:: Collected material ::
+++

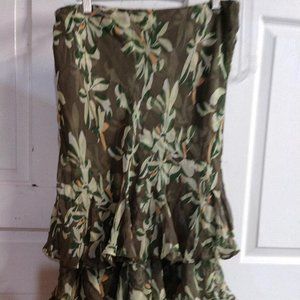 Alfani Silk Floral Skirt with Tiered Ruffle -Size 10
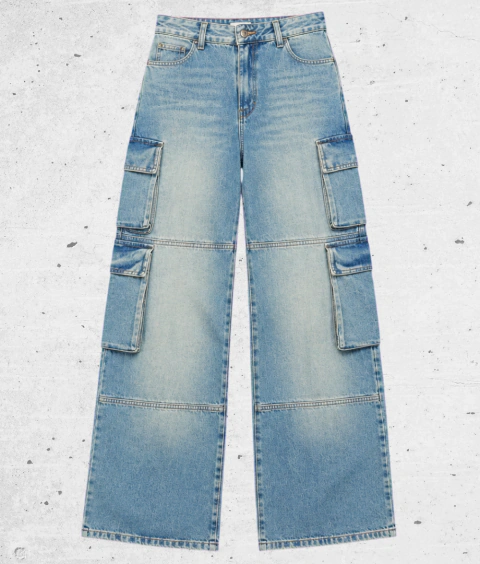 Pantalon Jean Cargo Wide Leg | Magui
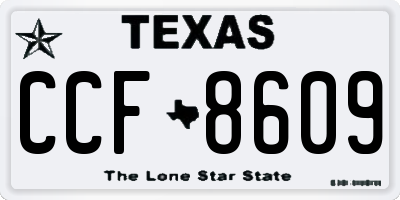TX license plate CCF8609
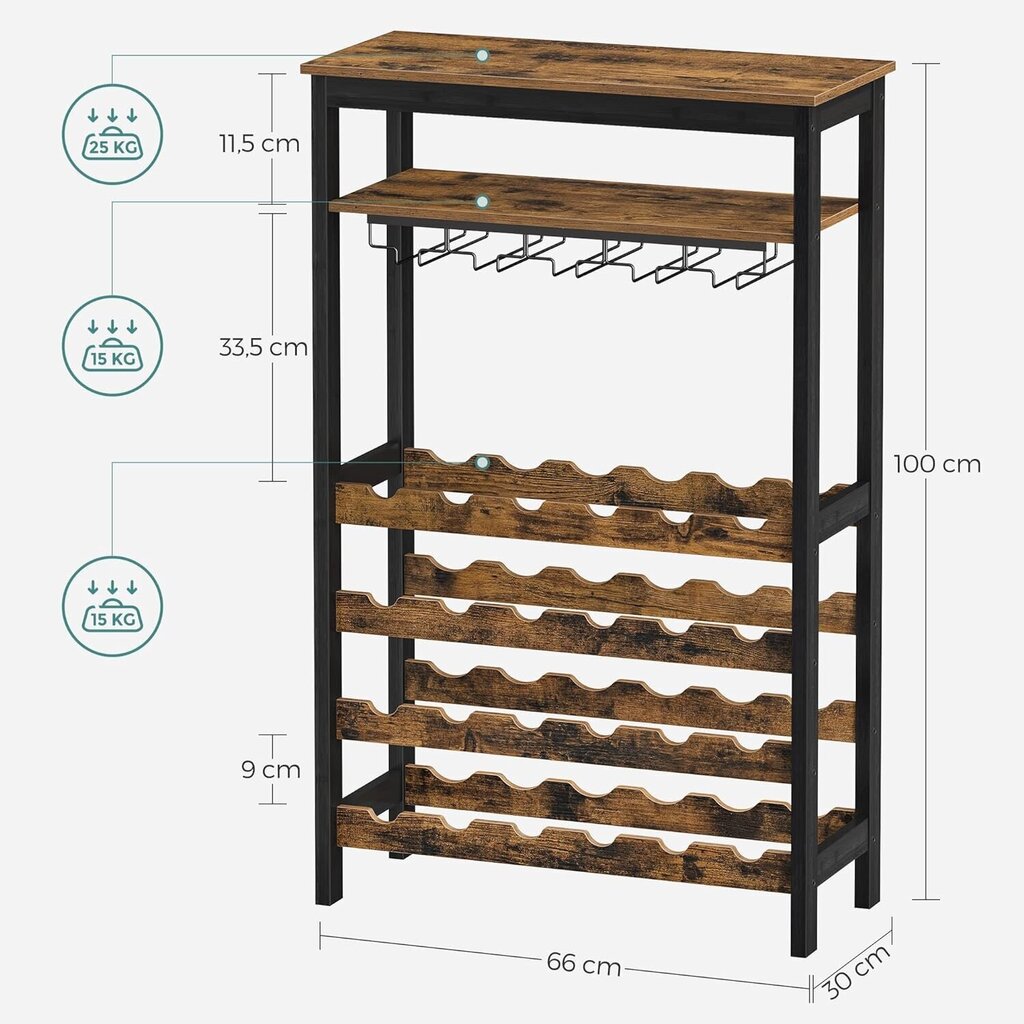 Keittiön hylly KWR028B01, ruskea hinta ja tiedot | Keittiökalusteiden lisätarvikkeet | hobbyhall.fi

+++

:: Action item ::
When you retype the material above, copy each line exactly and drop whatever images appear in it.

:: Exercise output ::
 Alfani Silk Floral Skirt with Tiered Ruffle -Size 10
 Pantalon Jean Cargo Wide Leg | Magui
TX license plate CCF8609
 Keittiön hylly KWR028B01, ruskea hinta ja tiedot | Keittiökalusteiden lisätarvikkeet | hobbyhall.fi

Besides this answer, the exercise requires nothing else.